A study of Vancouver’s real estate market suggests that while foreign money affects home prices, it might not be as significant as many think.
“The primary effects (of foreign money) are very focused in certain neighbourhoods,” said a co-author of the study, Tsur Somerville, a professor at UBC’s Sauder School of Business.
The study by Somerville and Andrey Pavlov of Simon Fraser University looked at the change in prices in neighbourhoods favoured by Chinese immigrants in the period following the closure of the federal immigrant investors program to new applicants in July 2012.
The investors program, which started in 1986 and was finally eliminated in February 2014, gave wealthy immigrants a fast track into Canada if they could provide the federal government with investments that reached $1.6 million in 2010. An estimated 120,000 people took advantage of the program to move to B.C., with many settling in Vancouver and Richmond.
The report showed that when the program was closed in 2012, property prices declined by an average of 2.5 per cent in neighbourhoods preferred by Chinese immigrants compared to other neighbourhoods.
Somerville also noted that the study did not address “the totality of foreign capital” entering the local real estate market, just the effect of the immigrant investors program.
“Our findings show that immigrants who come with wealth, drive up housing prices in their destination areas more than they affect the overall market,” the report concluded. “Using transaction data from the Greater Vancouver area, we find that the closure of the program had a negative impact on the neighbourhoods and market segments most likely to be favoured by these investor immigrants.
“The negative impact we document was quick, happening within the first three months following the policy change, likely reflecting declines in seller expectations and demand by developers for sites to redevelop for wealthy immigrants.
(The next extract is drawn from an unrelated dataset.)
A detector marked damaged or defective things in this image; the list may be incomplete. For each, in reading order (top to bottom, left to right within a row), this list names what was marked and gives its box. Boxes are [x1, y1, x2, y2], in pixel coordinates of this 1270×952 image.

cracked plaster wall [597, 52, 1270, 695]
The price declines are larger for more expensive houses in the target neighbourhoods and for neighbourhoods where the share of recent Chinese immigrants among the population are highest.”
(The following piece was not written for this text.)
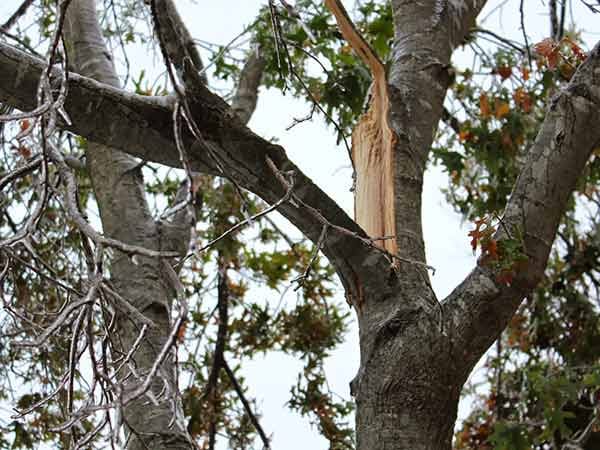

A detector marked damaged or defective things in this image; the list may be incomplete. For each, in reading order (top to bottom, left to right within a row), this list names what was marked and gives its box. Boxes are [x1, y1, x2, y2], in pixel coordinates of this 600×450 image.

splintered wood [324, 0, 398, 255] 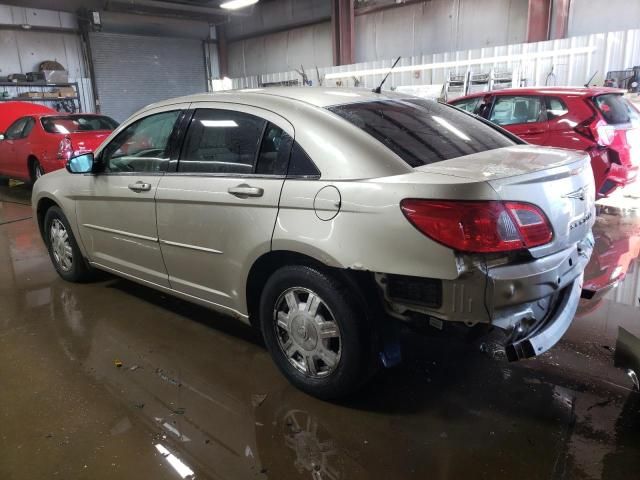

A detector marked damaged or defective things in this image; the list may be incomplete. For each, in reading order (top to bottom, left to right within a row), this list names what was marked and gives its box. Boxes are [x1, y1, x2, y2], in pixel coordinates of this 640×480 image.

damaged red car [450, 87, 640, 198]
“Following the suspension of the immigrant investor program, house appreciation in neighbourhoods with high concentration of recent Chinese immigrants underperformed the rest of the metropolitan area,” the report said. “The underperformance starts in the month following the announcement, and extends over the following 24 months.”
Somerville said “the price change was three per cent lower in the immigrant investor neighbourhoods. But after 24 months, that difference disappears. We can’t say why that (difference) disappears.”
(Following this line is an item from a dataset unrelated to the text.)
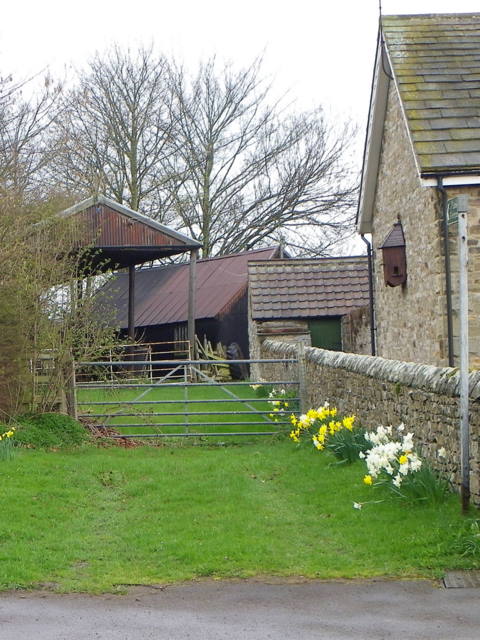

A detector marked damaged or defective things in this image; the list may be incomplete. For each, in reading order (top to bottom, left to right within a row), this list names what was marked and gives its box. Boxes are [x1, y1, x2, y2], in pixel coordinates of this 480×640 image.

The report concluded that wealthy immigrants prefer to live in areas with high numbers of immigrants of similar ethnicity.
“This makes prices in immigrant-dominated neighbourhoods sensitive to immigration policy. Local residents, whether of foreign descent or not, have little or no desire to segregate and purchase homes wherever they can find good value. This suggests a moderate spillover effect from immigrant to non-immigrant neighbourhoods both in terms of price and number of transactions.”
Somerville noted that according to the Real Estate Board of Greater Vancouver, the benchmark price of all residential properties rose by 48.3 per cent over the past three years.